5 Dill. 392 | U.S. Circuit Court for the District of Western Arkansas | 1878
On the question raised by this motion, the court holds the law to be, that, when jurisdiction has once attached, no subsequent change in the relation or condition of the parties in the progress of the cause will deprive the court of jurisdiction over the cause, or over any proceeding touching the execution of the judgment. It is clear that the jurisdiction depends on-the state of things existing at the time the. action is brought, and that after it is once vested it cannot be ousted by subsequent events. Now, if a suit is brought in this court by a non-citizen of the state against a citizen of the state and resident of the district, and the non-citizen afterwards becomes a citizen of the state pending the suit, or the resident of the district becomes a non-resident before the determination thereof, neither one of these changes in the status of the parties will divest the court of jurisdiction, because the same has attached, and the condition or relation of the parties at the time of bringing the suit is the test of jurisdiction.
The case of this county presents a case of a change of residence from this judicial district to another by operation of law since this suit was brought, and after jurisdiction had attached.

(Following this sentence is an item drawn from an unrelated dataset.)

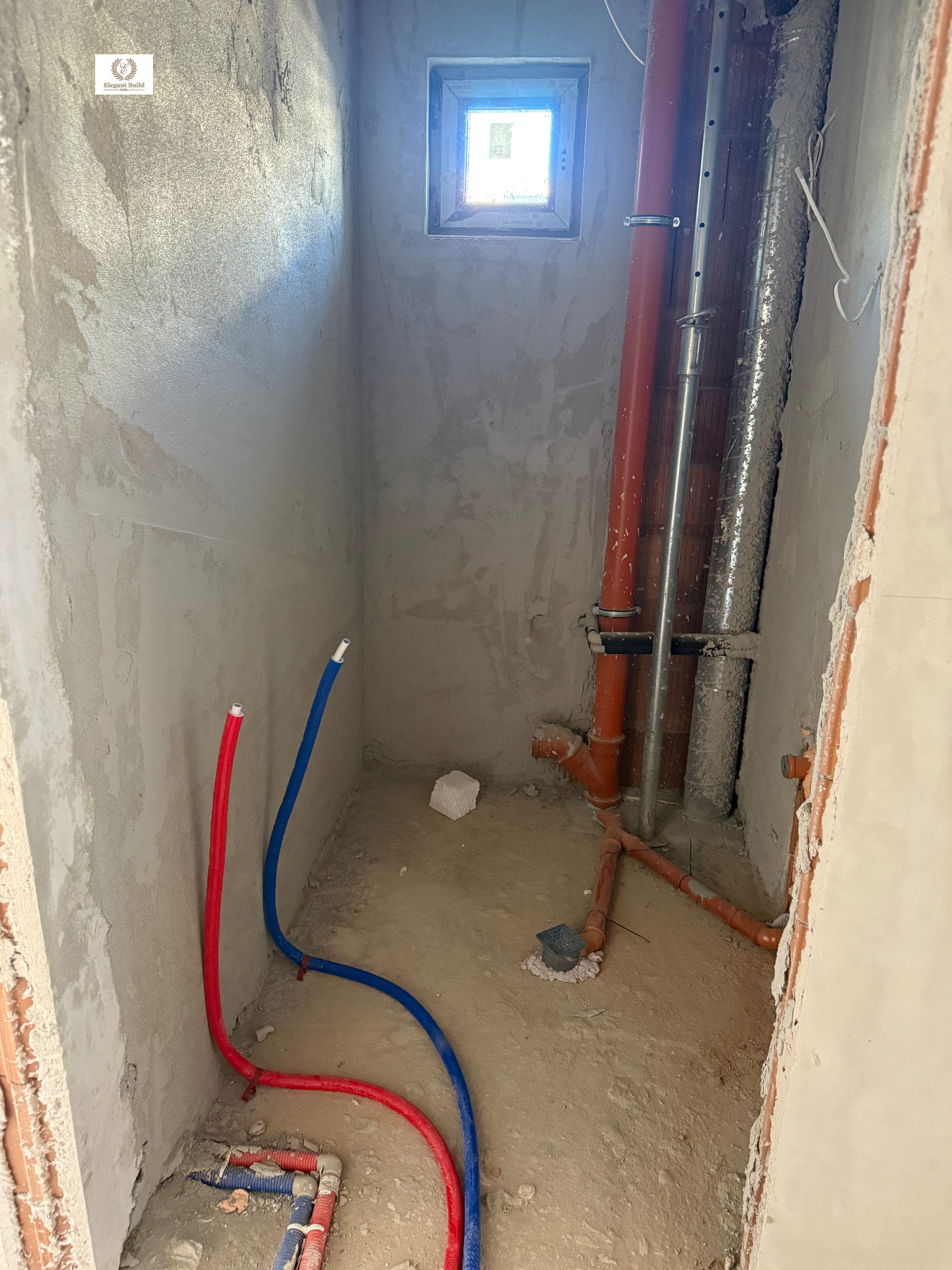 ������� 3-����� | Imot.bg � ����������� 10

This principle is directly decided in the case of U. S. v. Dawson, 15 How. [56 U. S.] 467. This was a case that went to the supreme court of the United States from this district, or, rather, what had then just become the eastern district of this state. A new district had, in the year 1851, been created, called the western district of Arkansas, consisting of nine counties in the state and the Indian country, and a case was pending in the old district from the Indian country. It was claimed for the defendant that he could not be tried in the eastern district, but that his case must be sent to the other district. The cotut says: “We do not, therefore, perceive any objection to the jurisdiction of these courts over cases pending at the time the change took place, civil and criminal, inasmuch as the erection of the new . district was not intended to affect it in respect to such cases, nor has it, in our judgment, necessarily operated to deprive them of it.” The law was silent as to cases pending in the old district. Therefore, the effect of the decision is, that, unless the law changing the district provides that pending cases shall be removed to the new district, the mere passage of the law does not work a removal.
The point raised by the motion in this case is directly decided in the case of Rhoades v. Selin [Case No. 11,740]. The same question is inferentially decided in Dunn v. Clark, 8 Pet. [33 U. S.] 1; Mollan v. Torrance, 9 Wheat. [22 U. S.] 537; Morgan’s Heirs v. Morgan. 2 Wheat. [15 U. S.] 110; Hatfield v. Bushnell [Case No. 6,211], The law in this case being silent as to cases pending in the district court for the western district of Arkansas against counties which have been placed by its terms in the eastern district, and against persons living in these counties, they must be tried in that court whose jurisdiction had attached at the time of the passage of the law. Congress, of course, could have provided for a transfer of these cases. It has not done so. The mere passage of the law does not work a removal of the cases. Motion overruled.